§ Information shown:
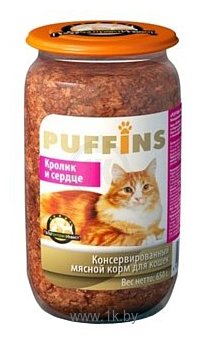 Фотографии Puffins (0.65 кг) 8 шт. Консервы для кошек Кролик и Сердце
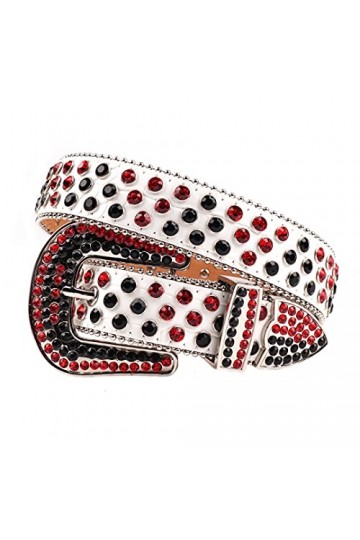 Ceinture de luxe en strass pour homme et femme - Ceinture cloutée en strass - Ceinture pour jeans Cinto de strass - Noir et r
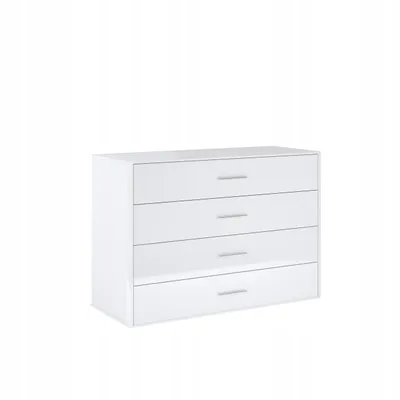 Produktbild von Kommode Starcosy – 4 Schubladen – Weiß Hochglanz – Modern – 110×45×77 cm – Stauraum für Schlafzimmer Wohnzimmer Flur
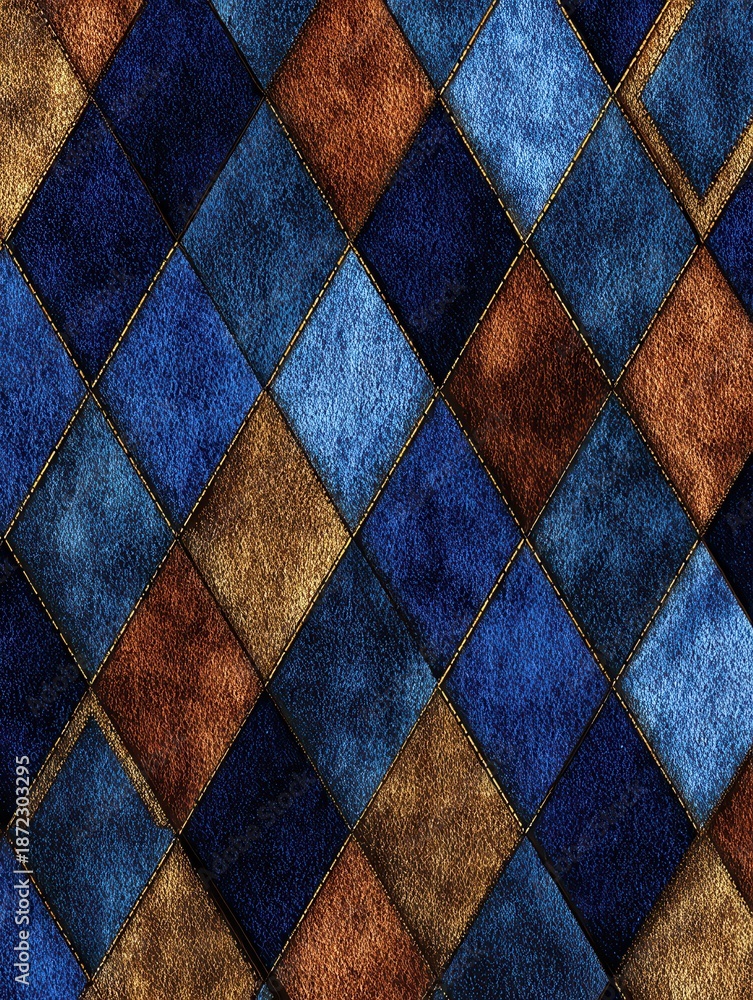 Fototapeta premium Luxurious diamond pattern texture featuring deep sapphire blues rich earthy browns and shimmering gold stitching creating an opulent background surface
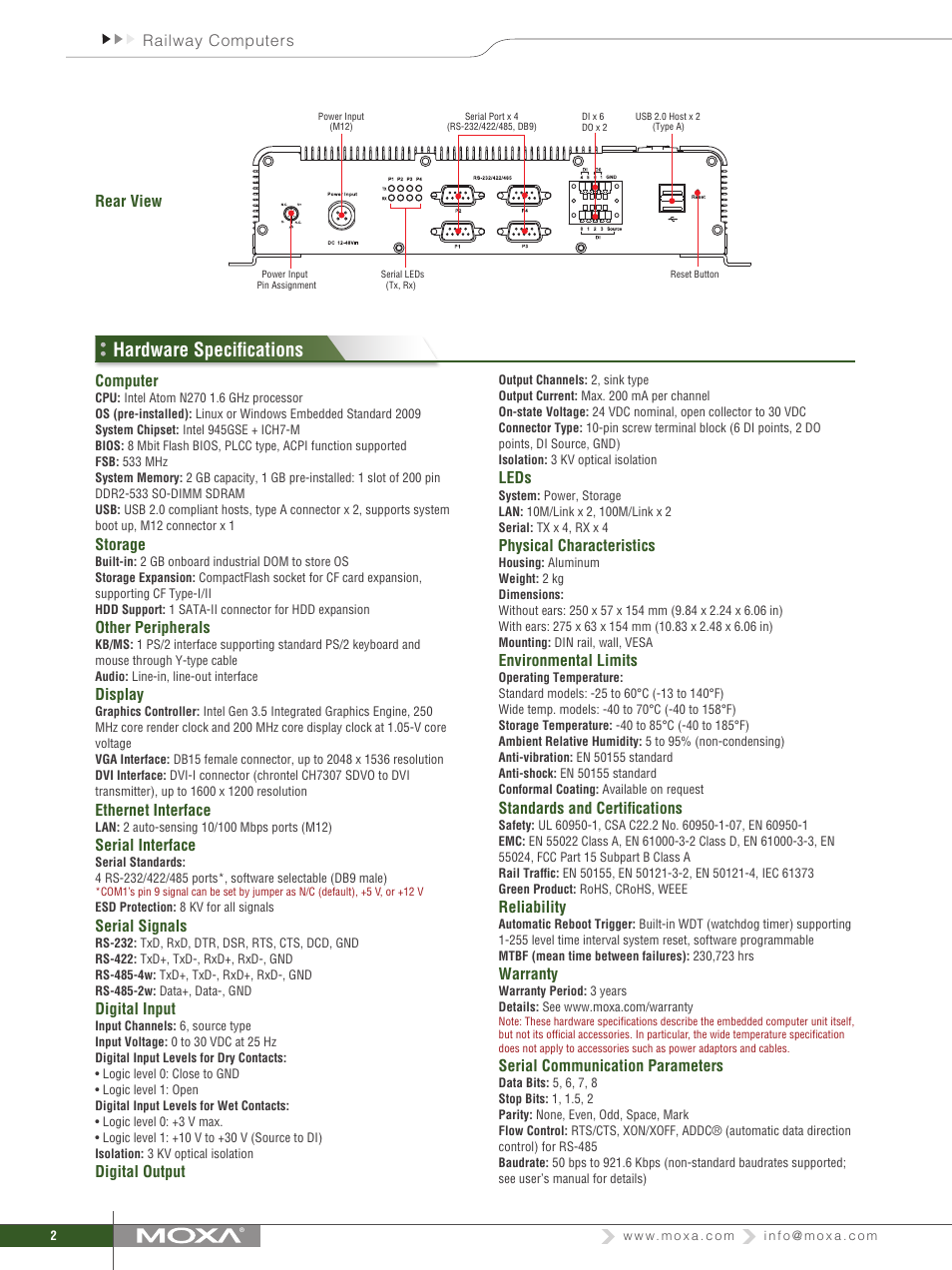 Hardware specifications | Impulse V2406 Series User Manual | Page 2 / 4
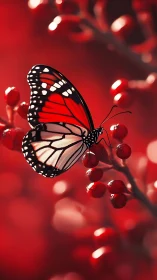 Macro study of monarch butterfly on scarlet berries, bokeh field.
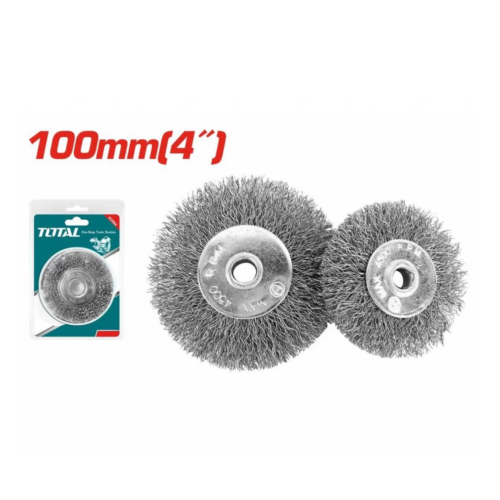 Cepillo Plano de Acero Rizado 100mm para Amoladora banco ZCP0A100A TAC36041 TOTAL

§ Directions for this task: In the entries above, which lines run from the one with "Ceinture de luxe" up to and including the one with "Hardware specifications |"? Write them out exactly, without the pictures.

§ Result of the exercise:
 Ceinture de luxe en strass pour homme et femme - Ceinture cloutée en strass - Ceinture pour jeans Cinto de strass - Noir et r
 Produktbild von Kommode Starcosy – 4 Schubladen – Weiß Hochglanz – Modern – 110×45×77 cm – Stauraum für Schlafzimmer Wohnzimmer Flur
 Fototapeta premium Luxurious diamond pattern texture featuring deep sapphire blues rich earthy browns and shimmering gold stitching creating an opulent background surface
 Hardware specifications | Impulse V2406 Series User Manual | Page 2 / 4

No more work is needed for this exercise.